======== Data listing ========

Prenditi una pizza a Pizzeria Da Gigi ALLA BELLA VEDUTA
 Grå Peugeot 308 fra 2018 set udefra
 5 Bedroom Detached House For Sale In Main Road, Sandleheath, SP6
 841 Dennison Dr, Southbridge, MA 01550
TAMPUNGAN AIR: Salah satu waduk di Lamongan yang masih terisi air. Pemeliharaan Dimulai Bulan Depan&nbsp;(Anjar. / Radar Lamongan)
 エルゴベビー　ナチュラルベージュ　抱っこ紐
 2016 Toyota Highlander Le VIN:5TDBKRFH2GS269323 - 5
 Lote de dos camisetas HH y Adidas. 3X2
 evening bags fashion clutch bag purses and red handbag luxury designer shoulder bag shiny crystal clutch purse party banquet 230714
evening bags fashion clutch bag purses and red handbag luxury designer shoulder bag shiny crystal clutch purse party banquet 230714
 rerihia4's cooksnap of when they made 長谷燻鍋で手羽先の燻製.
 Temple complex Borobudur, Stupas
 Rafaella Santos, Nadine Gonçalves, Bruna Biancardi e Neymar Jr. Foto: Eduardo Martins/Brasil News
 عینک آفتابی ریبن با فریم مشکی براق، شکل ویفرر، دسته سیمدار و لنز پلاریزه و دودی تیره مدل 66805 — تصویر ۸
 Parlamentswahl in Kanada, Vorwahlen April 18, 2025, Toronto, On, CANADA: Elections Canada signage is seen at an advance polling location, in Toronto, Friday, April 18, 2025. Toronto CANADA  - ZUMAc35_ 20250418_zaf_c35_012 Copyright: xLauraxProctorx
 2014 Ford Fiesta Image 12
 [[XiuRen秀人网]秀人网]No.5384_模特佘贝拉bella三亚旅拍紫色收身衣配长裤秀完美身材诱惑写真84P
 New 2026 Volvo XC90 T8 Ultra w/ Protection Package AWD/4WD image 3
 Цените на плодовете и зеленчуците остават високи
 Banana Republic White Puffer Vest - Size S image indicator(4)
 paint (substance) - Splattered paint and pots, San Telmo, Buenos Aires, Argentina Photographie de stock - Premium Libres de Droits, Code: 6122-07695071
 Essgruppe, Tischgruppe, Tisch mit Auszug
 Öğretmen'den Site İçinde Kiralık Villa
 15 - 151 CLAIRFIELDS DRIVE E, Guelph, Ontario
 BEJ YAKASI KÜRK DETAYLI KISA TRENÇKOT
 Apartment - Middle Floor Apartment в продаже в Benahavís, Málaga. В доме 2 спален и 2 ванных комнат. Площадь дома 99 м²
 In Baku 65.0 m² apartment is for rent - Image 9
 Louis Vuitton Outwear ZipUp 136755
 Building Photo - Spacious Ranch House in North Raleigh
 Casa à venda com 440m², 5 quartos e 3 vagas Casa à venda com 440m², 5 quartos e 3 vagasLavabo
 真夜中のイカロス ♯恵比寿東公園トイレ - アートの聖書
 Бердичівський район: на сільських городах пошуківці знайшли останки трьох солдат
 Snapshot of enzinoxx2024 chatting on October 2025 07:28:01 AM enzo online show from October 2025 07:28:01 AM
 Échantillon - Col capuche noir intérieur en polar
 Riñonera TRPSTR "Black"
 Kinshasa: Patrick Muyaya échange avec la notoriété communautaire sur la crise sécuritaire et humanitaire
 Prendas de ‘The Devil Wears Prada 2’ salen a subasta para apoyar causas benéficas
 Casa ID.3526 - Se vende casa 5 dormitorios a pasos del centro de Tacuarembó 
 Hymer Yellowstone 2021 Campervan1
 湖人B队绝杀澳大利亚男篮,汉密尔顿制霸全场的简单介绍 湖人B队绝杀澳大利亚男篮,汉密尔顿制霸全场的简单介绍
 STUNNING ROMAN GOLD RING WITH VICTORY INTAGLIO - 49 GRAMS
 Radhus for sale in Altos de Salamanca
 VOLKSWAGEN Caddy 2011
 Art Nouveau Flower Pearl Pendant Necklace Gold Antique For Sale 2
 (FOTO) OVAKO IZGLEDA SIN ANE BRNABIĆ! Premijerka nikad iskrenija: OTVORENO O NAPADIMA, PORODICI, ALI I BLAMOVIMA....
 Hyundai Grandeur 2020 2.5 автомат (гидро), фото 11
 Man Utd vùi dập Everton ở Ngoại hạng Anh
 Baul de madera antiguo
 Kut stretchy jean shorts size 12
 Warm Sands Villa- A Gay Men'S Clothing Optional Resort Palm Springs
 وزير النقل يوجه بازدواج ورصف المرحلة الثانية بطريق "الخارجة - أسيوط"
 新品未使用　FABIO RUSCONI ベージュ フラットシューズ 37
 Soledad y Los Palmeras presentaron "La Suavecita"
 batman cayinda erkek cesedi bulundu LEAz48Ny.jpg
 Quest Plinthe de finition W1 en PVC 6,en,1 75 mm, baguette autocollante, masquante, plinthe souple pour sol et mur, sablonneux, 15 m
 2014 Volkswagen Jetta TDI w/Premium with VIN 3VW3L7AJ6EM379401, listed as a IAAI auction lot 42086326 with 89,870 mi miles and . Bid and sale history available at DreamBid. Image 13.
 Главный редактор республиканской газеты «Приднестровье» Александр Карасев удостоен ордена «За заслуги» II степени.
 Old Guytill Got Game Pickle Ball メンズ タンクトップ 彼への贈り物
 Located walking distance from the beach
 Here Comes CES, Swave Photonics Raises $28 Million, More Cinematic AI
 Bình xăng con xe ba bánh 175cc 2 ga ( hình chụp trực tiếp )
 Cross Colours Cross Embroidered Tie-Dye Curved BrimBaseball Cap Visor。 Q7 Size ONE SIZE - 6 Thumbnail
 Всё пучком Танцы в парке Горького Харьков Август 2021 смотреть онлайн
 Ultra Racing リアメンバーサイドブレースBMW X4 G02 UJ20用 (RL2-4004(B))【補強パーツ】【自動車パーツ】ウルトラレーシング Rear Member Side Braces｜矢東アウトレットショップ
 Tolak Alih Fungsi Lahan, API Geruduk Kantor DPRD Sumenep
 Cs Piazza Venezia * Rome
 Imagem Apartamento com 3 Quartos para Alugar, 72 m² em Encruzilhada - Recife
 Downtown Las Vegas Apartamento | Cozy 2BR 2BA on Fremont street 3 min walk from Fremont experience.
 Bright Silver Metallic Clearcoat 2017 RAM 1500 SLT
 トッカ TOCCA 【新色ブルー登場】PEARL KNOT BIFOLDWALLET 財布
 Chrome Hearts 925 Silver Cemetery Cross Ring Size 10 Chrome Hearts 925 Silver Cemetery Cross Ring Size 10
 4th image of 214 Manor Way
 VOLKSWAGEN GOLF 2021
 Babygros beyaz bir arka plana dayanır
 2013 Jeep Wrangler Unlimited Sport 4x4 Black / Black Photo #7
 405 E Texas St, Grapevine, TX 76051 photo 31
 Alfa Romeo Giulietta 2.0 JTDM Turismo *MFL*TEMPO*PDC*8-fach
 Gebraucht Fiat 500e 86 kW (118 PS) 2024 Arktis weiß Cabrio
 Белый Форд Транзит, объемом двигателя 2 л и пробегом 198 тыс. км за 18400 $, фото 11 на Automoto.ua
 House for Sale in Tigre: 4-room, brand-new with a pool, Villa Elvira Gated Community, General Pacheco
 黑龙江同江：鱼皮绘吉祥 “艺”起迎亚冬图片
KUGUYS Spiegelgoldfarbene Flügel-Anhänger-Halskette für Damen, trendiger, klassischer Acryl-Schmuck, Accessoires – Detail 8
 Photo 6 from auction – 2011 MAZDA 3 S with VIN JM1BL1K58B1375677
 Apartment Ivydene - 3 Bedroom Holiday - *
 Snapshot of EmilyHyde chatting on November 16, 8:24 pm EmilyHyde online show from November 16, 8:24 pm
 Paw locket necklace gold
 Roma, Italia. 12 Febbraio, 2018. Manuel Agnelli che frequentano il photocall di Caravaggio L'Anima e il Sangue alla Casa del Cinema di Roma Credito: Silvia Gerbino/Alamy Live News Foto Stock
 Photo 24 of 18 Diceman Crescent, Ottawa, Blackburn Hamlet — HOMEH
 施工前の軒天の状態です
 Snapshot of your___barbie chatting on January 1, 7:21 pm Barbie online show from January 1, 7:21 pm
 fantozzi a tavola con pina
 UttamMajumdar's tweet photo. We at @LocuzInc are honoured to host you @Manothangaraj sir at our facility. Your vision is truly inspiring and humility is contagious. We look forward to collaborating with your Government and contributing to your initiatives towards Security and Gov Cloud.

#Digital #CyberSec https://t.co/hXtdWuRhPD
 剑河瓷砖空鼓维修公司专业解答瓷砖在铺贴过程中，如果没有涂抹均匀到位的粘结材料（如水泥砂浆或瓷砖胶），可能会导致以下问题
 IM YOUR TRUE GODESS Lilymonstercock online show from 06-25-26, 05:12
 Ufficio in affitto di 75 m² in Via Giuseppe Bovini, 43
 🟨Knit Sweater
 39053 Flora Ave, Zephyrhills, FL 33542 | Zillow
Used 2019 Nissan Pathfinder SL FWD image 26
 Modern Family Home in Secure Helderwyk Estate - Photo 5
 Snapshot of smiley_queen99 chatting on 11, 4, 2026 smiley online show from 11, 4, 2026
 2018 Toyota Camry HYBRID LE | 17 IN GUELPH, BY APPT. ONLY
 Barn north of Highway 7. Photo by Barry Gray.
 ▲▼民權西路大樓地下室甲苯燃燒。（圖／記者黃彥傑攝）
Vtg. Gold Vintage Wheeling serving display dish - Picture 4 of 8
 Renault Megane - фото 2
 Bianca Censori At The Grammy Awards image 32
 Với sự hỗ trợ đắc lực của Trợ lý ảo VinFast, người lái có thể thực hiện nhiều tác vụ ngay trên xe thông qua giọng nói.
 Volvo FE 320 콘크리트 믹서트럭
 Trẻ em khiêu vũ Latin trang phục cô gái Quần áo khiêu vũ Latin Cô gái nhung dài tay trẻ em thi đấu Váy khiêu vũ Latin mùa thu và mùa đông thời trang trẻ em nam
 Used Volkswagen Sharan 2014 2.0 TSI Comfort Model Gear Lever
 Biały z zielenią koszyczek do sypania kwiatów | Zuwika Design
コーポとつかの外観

========

What is expected: Return, from the data above, each line in which the string "News" appears.

Solution below:
 Rafaella Santos, Nadine Gonçalves, Bruna Biancardi e Neymar Jr. Foto: Eduardo Martins/Brasil News
 Roma, Italia. 12 Febbraio, 2018. Manuel Agnelli che frequentano il photocall di Caravaggio L'Anima e il Sangue alla Casa del Cinema di Roma Credito: Silvia Gerbino/Alamy Live News Foto Stock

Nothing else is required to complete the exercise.